O Supremo Tribunal Administrativo rejeitou a providência cautelar interposta pela Iniciativa Liberal para travar a ida de Mário Centeno para governador do Banco de Portugal, declarando-se “incompetente para avaliar este ato político”.
“Sendo a nomeação do Governador do BdP feita por resolução do Conselho de Ministros sob proposta do ministro das Finanças um ato político, não estando em causa qualquer dimensão de legalidade da mesmo e já que a situação jurídica a atender tem de ser necessariamente a que está em vigor no presente momento, é este STA [Supremo Tribunal Administrativo] incompetente em razão da matéria para conhecer da presente providência”, escrevem os juízes no despacho.
Para o Supremo Administrativo nenhum dos pressupostos em matéria de nomeação ou audição da comissão competente da Assembleia da República foram postos em causa, e mesmo na questão da idoneidade que também foi levantada, entendeu que “não é um critério de legalidade que cumpra ao Tribunal concordar”.
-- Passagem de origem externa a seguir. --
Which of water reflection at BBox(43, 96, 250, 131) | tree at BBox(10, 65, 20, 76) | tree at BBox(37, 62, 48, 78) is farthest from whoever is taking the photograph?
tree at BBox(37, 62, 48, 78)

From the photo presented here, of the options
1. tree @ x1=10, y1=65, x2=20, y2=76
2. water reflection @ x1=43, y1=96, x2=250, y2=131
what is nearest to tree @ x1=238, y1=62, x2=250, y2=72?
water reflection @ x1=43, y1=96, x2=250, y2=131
Recorde-se que nesta providência, a Iniciativa Liberal pediu que Mário Centeno fosse impedido de ser nomeado para o referido cargo, numa inibição que deverá permanecer “até se esclarecer, em ação principal, se a nomeação do Contra interessado é legal ou até que ocorram, entretanto, alterações legislativas que permitam ou impeçam expressamente essa nomeação”.
O partido de João Cotrim Figueiredo remetia assim para as alterações propostas no projeto de lei do PAN que visa tornar vinculativo o parecer da Assembleia da República sobre o governador do BdP e criar um ‘período de nojo’ de cinco anos na transição do ministério das Finanças para o órgão regulador.
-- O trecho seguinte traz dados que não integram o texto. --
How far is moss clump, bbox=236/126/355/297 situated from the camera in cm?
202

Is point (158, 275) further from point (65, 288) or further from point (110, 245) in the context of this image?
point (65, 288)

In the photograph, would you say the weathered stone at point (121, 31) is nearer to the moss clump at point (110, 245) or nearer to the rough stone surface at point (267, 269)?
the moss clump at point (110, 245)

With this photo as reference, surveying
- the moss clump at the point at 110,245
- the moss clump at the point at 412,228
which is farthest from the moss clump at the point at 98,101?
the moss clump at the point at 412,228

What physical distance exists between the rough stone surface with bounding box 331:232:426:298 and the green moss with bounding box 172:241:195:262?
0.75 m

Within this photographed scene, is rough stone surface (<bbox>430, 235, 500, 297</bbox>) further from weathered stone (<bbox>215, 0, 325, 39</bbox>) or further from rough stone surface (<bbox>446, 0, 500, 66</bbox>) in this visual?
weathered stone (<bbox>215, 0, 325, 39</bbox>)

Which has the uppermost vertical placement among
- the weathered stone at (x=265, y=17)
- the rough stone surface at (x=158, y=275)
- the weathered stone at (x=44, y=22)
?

Esta proposta foi aprovada na generalidade a 9 de junho, com os votos contra do PS e a abstenção do PCP e PEV, e está neste momento a ser discutida em comissão, aguardando o parecer pedido pelo PS ao Banco Central Europeu (uma medida que foi vista como uma forma de ‘atrapalhar’ este processo).
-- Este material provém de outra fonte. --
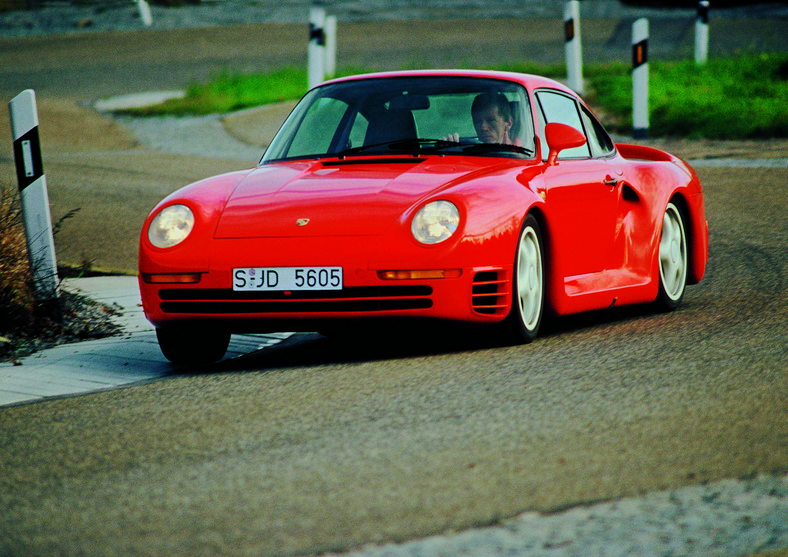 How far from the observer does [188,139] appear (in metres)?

A próxima barreira a ultrapassar levantar-se-à amanhã, quarta-feira, com o Parlamento a ter ainda de aprovar o relatório descritivo da audição de Mário Centeno sobre esta matéria.
E se mais este momentos for ultrapassado com sucesso, como foi a rejeição da providência, pode esperar-se para quinta-feira, a nomeação oficial de Centeno para o banco central por parte do Conselho de Ministros.
Amanhã, quarta-feira, o Parlamento ainda tem de aprovar o relatório descritivo da audição de Mário Centeno sobre esta matéria.
E se estes momentos forem ultrapassados com sucesso, pode esperar-se para quinta-feira, segundo o ‘Expresso’, a nomeação oficial de Centeno para o banco central por parte do Conselho de Ministros.